* PROBLEM TO SOLVE
Among the records below, find the line with "Pronájem bytu 2+kk 45 m² Praha" and the line with "Conjunto Comercial-Sala à". Set down both and every line between, exactly and with no pictures, but nothing else.

Short web captions
•••
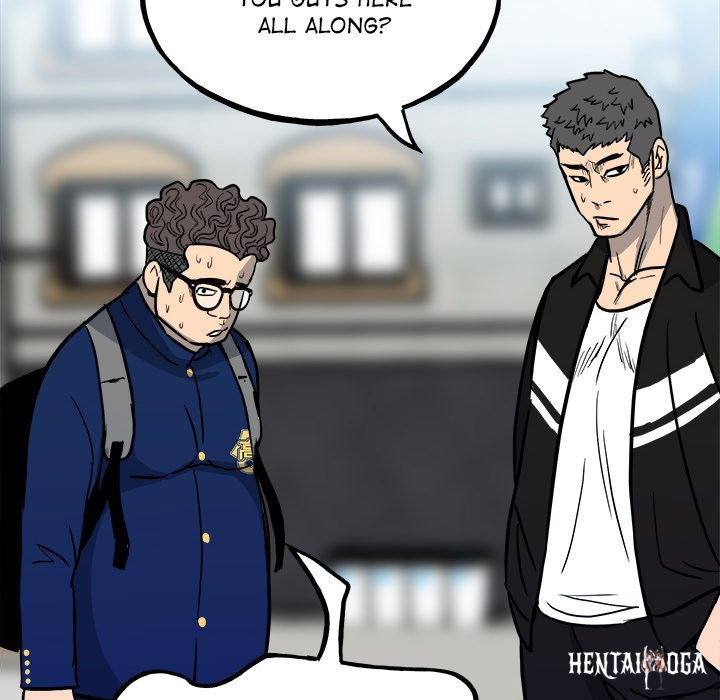 The Villain The Villain Chapter 96 - Page 108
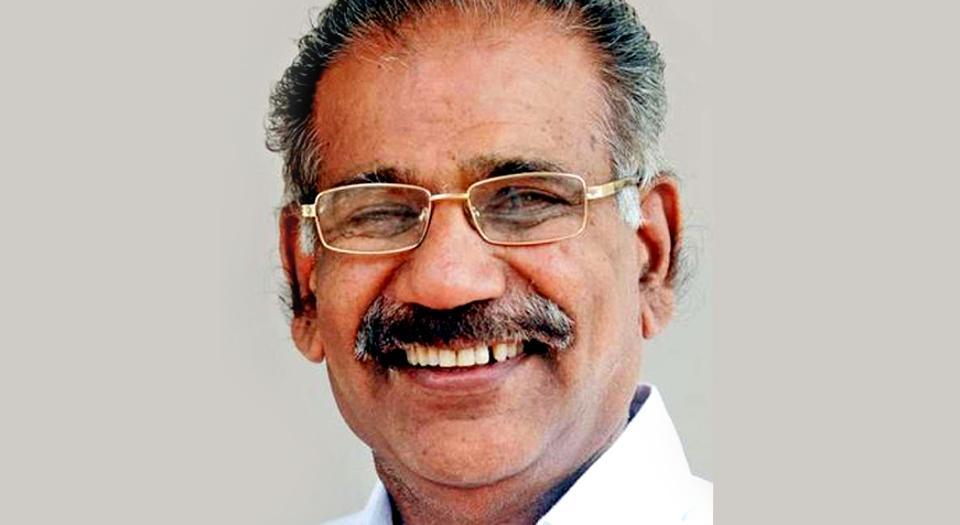 kerala-minister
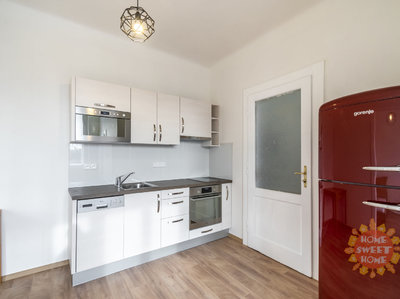Pronájem bytu 2+kk 45 m² Praha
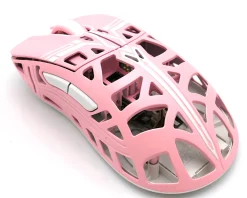 WLMouse Mice & Accessories|Sword X 8K Wireless Gaming Mouse - Pink [Omron Opticals]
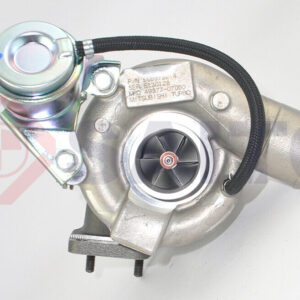 MITSUBISHI - TURBOCOMPRESSORE TD04 49377-07000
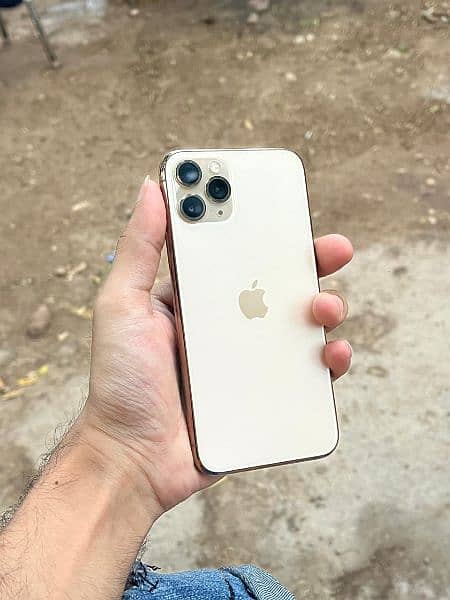 iphone 11 pro 256 Gb Approved 0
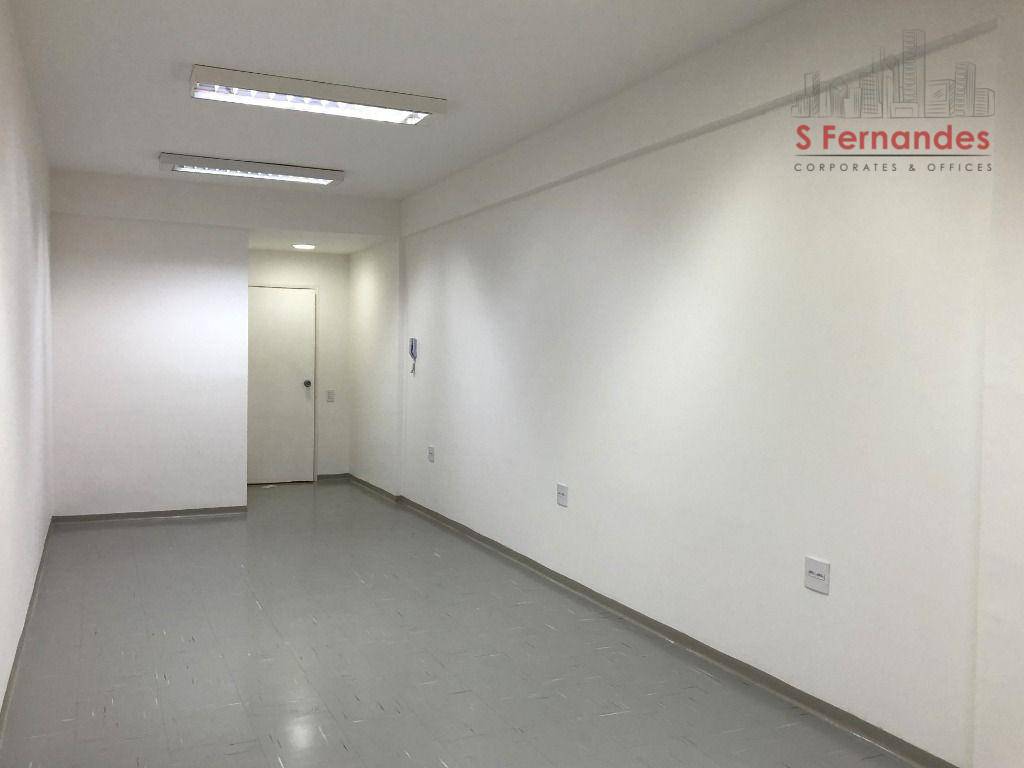 Conjunto Comercial-Sala à venda e aluguel, 32m² - Foto 13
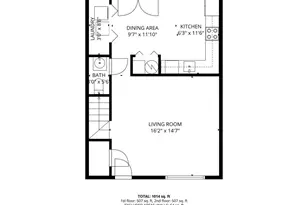 7467 Lone Star Rd, Lorton, VA 22079 - Photo 19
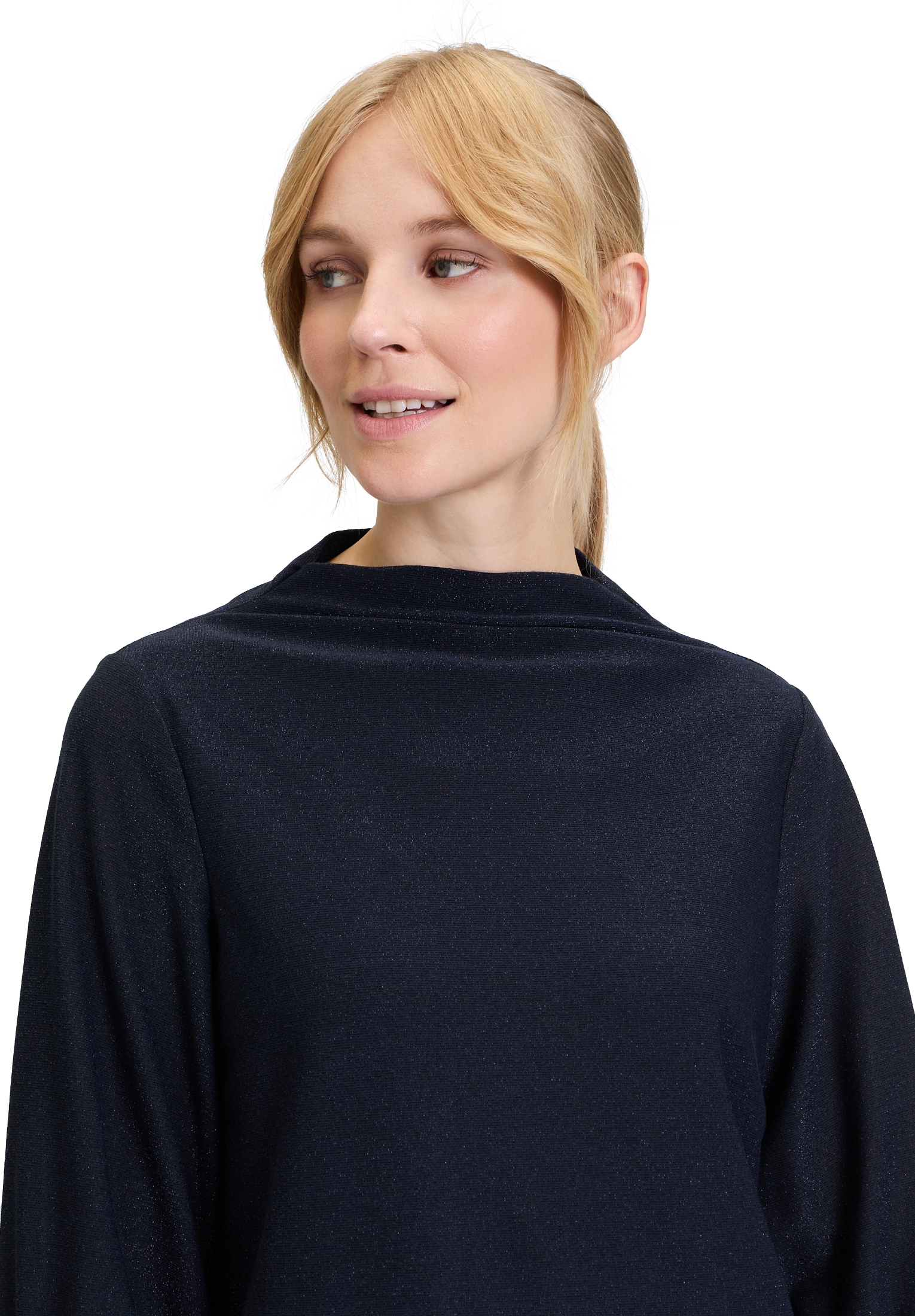 Vera Mont Shirtbluse »Vera Mont Damen Blusenshirt langarm«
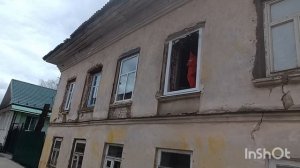 Сериал про ремонт "Штаб квартиры"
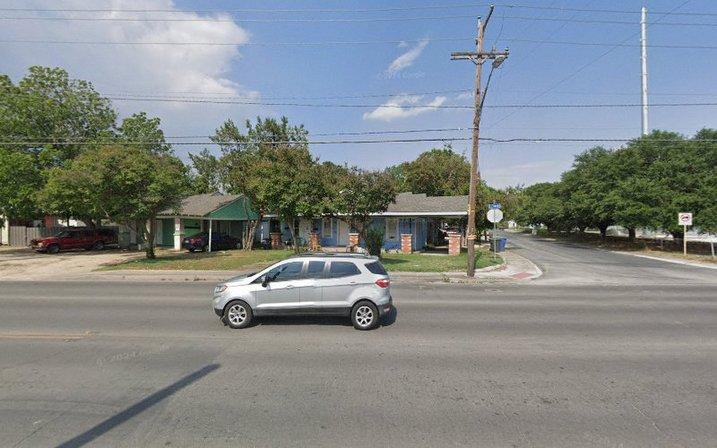 Safe Harbor Outreach Church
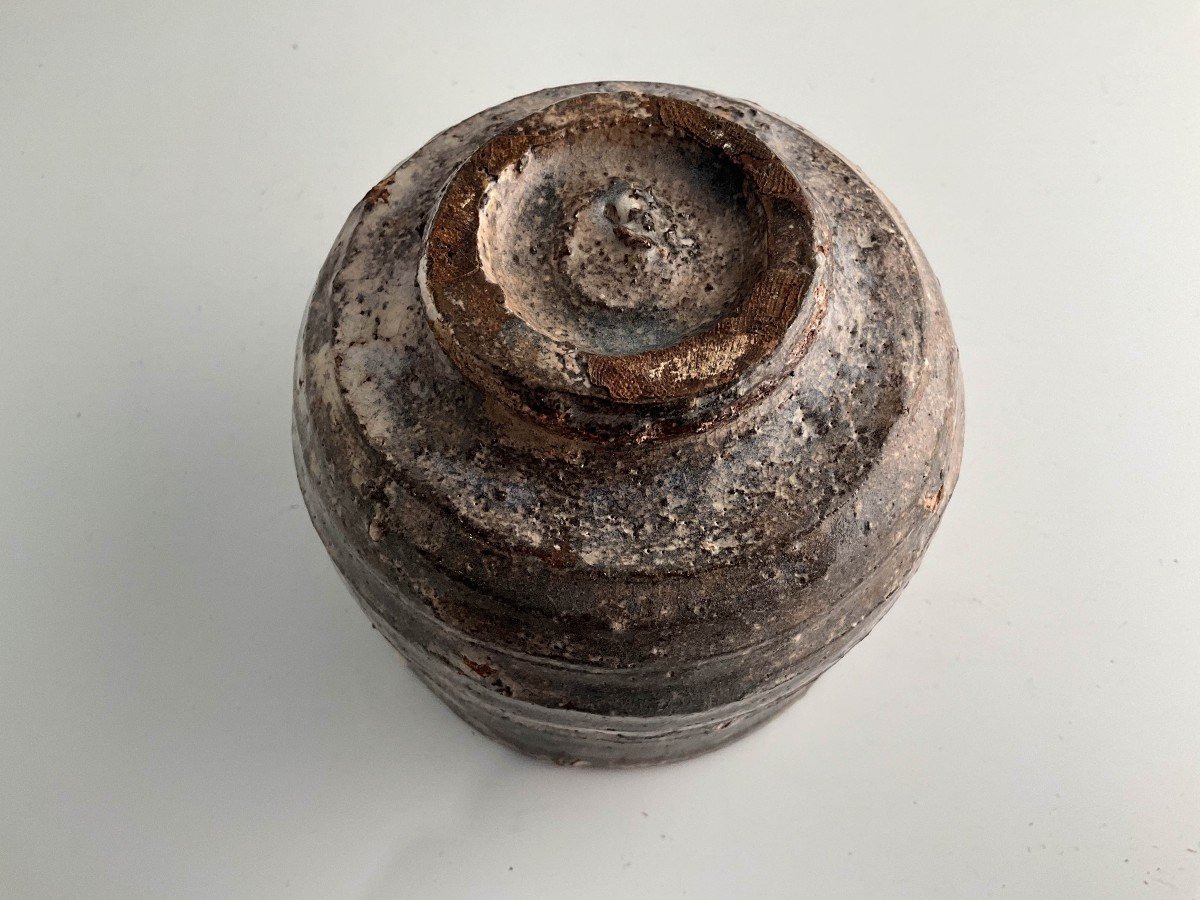 Japanese Tea Bowl-photo-3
•••
* OUTPUT OF THE EXERCISE
Pronájem bytu 2+kk 45 m² Praha
 WLMouse Mice & Accessories|Sword X 8K Wireless Gaming Mouse - Pink [Omron Opticals]
 MITSUBISHI - TURBOCOMPRESSORE TD04 49377-07000
 iphone 11 pro 256 Gb Approved 0
 Conjunto Comercial-Sala à venda e aluguel, 32m² - Foto 13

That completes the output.